Where s3://<your_s3_bucket>/data/ specifies the name of your S3 bucket, the files in the bucket are prefixed with data, and the bucket is accessible by the specified AWS credentials.

Querying Data

Using cursor to Fetch Values

Fetch values from a table using the cursor object iterator method.

For example, to fetch values from testtable:

# Querying Data
cur = cnx.cursor()
try:
    cur.execute("SELECT * FROM testtable")
    for (col1, col2) in cur:
        print('{0}, {1}'.format(col1, col2))
finally:
    cur.close()

Alternatively, the Snowflake Connector for Python provides a convenient shortcut:

for (col1, col2) in cnx.cursor().execute("SELECT * FROM testtable"):
    print('{0}, {1}'.format(col1, col2))

If you need to get a single result, use the fetchone method:

col1, col2 = cnx.cursor().execute("SELECT * FROM testtable").fetchone()
print('{0}, {1}'.format(col1, col2))

If you need to get the specified number of rows at a time, use the fetchmany method with the number of rows:

cur = cnx.cursor().execute("SELECT * FROM testtable")
ret = cur.fetchmany(3)
print(ret)
while len(ret) > 0:
    ret = cur.fetchmany(3)
    print(ret)

Note

Use fetchone or fetchmany if the result set is too large to fit into memory.

If you need to get all results at once:

results = cnx.cursor().execute("SELECT * FROM testtable").fetchall()
for rec in results:
    print('%s, %s' % (rec[0], rec[1]))

To set a timeout for a query, execute a “begin” command and include a timeout parameter on the query.
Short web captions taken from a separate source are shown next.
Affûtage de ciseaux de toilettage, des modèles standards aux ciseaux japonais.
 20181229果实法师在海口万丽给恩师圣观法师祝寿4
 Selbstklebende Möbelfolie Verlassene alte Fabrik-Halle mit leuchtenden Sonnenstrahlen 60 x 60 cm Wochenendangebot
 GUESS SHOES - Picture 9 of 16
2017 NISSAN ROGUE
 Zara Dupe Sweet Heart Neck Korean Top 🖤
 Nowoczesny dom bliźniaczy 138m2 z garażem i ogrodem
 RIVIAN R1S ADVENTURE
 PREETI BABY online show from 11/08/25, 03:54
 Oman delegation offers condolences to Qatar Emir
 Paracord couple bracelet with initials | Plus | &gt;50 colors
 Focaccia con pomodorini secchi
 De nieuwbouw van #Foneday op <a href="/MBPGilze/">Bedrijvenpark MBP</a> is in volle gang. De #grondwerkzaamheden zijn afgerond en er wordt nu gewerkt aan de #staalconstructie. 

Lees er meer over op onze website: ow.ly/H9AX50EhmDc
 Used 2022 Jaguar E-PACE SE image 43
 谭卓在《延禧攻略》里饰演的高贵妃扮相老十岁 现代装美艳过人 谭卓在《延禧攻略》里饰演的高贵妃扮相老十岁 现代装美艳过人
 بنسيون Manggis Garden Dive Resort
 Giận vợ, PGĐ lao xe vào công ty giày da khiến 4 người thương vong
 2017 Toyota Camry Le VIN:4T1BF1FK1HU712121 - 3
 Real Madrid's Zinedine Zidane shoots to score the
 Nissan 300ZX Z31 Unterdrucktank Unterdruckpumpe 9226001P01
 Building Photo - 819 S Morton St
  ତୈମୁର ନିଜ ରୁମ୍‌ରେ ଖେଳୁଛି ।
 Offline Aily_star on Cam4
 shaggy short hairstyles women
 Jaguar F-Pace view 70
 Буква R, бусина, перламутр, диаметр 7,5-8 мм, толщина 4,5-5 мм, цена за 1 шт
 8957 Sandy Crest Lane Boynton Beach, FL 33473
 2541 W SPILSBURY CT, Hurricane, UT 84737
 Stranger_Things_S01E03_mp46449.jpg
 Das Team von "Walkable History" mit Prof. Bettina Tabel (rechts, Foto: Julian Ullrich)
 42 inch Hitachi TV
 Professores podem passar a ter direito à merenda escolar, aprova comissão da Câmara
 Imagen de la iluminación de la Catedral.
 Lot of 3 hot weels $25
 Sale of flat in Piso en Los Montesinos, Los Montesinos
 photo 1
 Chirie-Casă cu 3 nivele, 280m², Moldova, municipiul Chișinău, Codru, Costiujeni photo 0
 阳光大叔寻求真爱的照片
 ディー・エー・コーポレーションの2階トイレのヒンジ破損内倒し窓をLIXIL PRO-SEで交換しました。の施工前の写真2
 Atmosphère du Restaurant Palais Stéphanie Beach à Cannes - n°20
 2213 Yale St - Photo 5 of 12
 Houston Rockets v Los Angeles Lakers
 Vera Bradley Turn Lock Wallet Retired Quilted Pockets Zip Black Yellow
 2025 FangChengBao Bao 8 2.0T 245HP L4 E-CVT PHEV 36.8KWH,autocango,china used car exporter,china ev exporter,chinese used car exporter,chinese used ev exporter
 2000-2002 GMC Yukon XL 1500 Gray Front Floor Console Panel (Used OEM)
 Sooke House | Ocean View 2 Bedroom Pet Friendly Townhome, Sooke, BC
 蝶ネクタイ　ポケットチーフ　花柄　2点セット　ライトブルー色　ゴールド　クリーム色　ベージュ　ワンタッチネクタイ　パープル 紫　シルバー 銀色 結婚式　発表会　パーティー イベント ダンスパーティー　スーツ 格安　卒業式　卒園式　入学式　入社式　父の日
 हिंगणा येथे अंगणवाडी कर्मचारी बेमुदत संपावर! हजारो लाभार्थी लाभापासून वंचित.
If the query exceeds the length of the parameter value, an error is produced and a rollback occurs.

In the following code, error 604 means the query was canceled. The timeout parameter starts Timer() and cancels if the query does not finish within the specified time.

conn.cursor().execute("create or replace table testtbl(a int, b string)")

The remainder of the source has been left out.